CHAMPAIGN – Although Champaign schools may go back to voters in November seeking money for improvements, Superintendent Arthur Culver says officials will have to address requirements for north side space before then.

Voters Tuesday resoundingly defeated a building bond proposal to build three new schools in Champaign and make major improvements to most other elementary schools.The final votes: 4,006 in favor of the proposal and 7,079 against it.

Culver, who came back from his spring break vacation to see results come in, said the district is already behind schedule adding space north of University Avenue required by its consent decree. He said the board will have to talk about issuing working cash bonds to add space at an existing school or look at other options like freeing up space at another building and doing "some out-of-the-box thinking."

"We're really behind, and we can't wait for November for that," Culver said. "We're seeking a creative solution."

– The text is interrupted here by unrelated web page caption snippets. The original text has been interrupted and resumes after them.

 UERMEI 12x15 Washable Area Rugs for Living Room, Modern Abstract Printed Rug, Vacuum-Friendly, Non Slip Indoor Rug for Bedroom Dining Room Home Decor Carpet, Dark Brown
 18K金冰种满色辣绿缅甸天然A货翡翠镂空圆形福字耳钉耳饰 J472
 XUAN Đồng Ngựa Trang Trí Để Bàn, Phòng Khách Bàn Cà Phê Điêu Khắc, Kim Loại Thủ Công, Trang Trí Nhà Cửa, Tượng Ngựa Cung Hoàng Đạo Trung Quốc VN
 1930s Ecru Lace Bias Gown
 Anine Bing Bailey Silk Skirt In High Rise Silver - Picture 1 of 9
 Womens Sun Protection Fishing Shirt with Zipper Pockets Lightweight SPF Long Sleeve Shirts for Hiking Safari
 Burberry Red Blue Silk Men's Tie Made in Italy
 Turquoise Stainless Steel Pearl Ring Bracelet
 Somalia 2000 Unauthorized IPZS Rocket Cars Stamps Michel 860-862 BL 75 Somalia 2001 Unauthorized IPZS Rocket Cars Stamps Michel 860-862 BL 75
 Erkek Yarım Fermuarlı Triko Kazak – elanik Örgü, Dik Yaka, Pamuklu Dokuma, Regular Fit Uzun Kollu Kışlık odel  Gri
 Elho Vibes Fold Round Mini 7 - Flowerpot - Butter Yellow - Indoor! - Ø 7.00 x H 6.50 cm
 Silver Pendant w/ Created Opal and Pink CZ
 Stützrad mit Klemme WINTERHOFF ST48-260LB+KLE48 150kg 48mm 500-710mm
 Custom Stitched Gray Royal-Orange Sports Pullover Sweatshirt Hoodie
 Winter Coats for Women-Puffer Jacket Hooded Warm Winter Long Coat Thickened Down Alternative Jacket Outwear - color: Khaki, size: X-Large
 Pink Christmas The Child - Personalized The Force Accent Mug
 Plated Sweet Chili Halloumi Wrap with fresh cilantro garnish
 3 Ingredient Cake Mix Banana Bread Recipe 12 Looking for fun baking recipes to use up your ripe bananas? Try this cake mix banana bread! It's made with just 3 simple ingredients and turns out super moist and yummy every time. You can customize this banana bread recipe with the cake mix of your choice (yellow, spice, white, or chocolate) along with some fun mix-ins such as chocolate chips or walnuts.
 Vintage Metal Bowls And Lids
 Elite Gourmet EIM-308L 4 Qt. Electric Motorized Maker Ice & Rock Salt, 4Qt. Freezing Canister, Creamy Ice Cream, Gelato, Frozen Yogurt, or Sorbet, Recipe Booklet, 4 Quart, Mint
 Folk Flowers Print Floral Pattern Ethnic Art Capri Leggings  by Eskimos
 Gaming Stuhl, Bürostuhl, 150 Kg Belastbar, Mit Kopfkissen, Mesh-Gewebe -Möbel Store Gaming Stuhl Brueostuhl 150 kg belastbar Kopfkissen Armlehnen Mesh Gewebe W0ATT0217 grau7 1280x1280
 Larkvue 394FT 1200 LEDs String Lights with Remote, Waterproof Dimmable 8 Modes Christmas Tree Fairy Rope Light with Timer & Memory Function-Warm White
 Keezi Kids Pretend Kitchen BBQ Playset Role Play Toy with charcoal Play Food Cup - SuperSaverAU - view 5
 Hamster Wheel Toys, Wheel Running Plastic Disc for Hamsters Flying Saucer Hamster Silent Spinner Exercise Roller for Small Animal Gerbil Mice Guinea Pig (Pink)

He said if district leaders decide to go back to voters in November, the proposal will probably look a lot different.

"This didn't have enough support," Culver said. "We'll regroup, talk to parents, board members, staff members, members of the community about what to do. Something needs to be done to improve our aging schools."

Board President Margie Skirvin said she was very disappointed to see the community's lack of support for the measure.

"I went to many PTA meetings because I thought it was important for people to feel like board members are listening to their concerns," Skirvin said. "To build trust, we need to keep listening."

She said she's not sure about the next step.

"Last time it took three tries to get a referendum passed," Skirvin said of proposals in the 1990s that resulted in the construction of Barkstall and Stratton schools. "The thing that was closest to my heart was fixing up those old buildings."

One of the three new schools to be built would have replaced Dr. Howard School with a two-story building on the same site. A second school would have been built on a donated site in Savoy, The third would have been built near the intersection of Staley Road and Bradley Avenue, a location announced March 13 that inflamed the black community it was supposed to benefit.

Facing that backlash, Superintendent Arthur Culver briefly backed off that location midweek but in a special meeting Friday, he said it was the only feasible site.

The work also would have included about $30 million worth of improvements, including air conditioning, to the eight older elementary schools – Bottenfield, Carrie Busey, Garden Hills, Kenwood, Robeson, South Side, Washington and Westview.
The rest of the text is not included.